Çok değerli öğretmenlerim oldu ve büyümeme vesile yaşadıklarım.
Çok uzun zamandır keşkeyi ve şikayeti kendimden uzak tutma, hayat hikayemi sadece beni besleyen yollarla bezeme gayretindeyim. Bunun etkileri zaman zaman konfor alanımdan çıkmak, beni bana aynalayan ruhlar ile büyümeyi seçmek, binlerce km yol tepip içimdeki nur ile buluşurken bazen de yatağımdan kalktığım gibi o nur’un ışığı ile yıkanmak olabiliyor. Hayat ile didişmeden, teslim olarak ve olanı olduğu gibi kabul ederek akabilmek için tüm dualarım.
Kalbinin ışığı ile yol alanı yaradan desteksiz bırakmaz’ demişti bu seneki kamp yolculuğumuzda bir büyüğüm. Kimi zaman yıkıcı şeyler de vardır, doğurgan şeyler de.

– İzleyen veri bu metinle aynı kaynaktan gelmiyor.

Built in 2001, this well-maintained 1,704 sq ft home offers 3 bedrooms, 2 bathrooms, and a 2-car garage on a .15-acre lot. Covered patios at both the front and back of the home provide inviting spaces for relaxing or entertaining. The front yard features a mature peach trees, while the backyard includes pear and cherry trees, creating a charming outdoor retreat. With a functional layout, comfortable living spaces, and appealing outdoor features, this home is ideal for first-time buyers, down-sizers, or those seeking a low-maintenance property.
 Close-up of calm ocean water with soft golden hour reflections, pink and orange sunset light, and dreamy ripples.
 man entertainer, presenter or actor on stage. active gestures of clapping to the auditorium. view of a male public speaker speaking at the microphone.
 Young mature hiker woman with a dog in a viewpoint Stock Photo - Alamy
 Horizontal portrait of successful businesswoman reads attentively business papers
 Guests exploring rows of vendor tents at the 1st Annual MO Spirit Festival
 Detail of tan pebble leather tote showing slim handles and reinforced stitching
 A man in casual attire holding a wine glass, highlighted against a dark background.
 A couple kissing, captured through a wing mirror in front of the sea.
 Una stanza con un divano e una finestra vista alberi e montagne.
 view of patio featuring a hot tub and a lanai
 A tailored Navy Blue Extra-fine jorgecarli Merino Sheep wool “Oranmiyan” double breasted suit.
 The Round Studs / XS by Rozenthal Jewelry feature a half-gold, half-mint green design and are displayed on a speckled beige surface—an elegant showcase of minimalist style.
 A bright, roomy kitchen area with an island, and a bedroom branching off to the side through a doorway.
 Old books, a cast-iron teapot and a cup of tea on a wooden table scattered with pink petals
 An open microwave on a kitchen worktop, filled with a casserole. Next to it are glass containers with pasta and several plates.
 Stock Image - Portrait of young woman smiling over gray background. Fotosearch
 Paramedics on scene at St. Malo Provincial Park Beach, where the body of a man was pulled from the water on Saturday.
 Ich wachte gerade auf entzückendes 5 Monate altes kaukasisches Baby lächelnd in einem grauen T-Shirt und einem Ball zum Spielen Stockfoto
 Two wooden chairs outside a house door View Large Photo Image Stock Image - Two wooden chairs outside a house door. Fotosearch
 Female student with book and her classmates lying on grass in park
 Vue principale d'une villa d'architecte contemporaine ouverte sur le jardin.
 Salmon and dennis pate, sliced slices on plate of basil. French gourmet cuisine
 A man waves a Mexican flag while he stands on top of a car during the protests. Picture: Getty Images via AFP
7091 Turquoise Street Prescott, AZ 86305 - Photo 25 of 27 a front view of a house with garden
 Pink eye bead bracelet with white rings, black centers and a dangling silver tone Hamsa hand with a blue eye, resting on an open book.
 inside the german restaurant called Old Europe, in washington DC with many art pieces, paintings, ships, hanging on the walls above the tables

Bazen kendini anlamaya ve anlatmaya, defterin üzerinde süzülen sözcükler çoğu zaman tarif edemediğin duygularının sesi olabilir. İçinden geçenleri sansürlemeden kendi doğal akışında kaleminle buluşturduğun zaman, kendini yakın bir dostuna anlatmış kadar iyi hissedebiliyorsun. İzmir den ayrı kaldığım şu on günde üç günlük girdiğim kısacık eğitim ve dostlar ile yapılan derin sohbetlerin vermiş olduğu haz bambaşkaydı. Hayatta olduğumuz için şükredecek ne çok güzellik var, onları görebilmek ve değerlerini biliyor olmak en büyük nimet.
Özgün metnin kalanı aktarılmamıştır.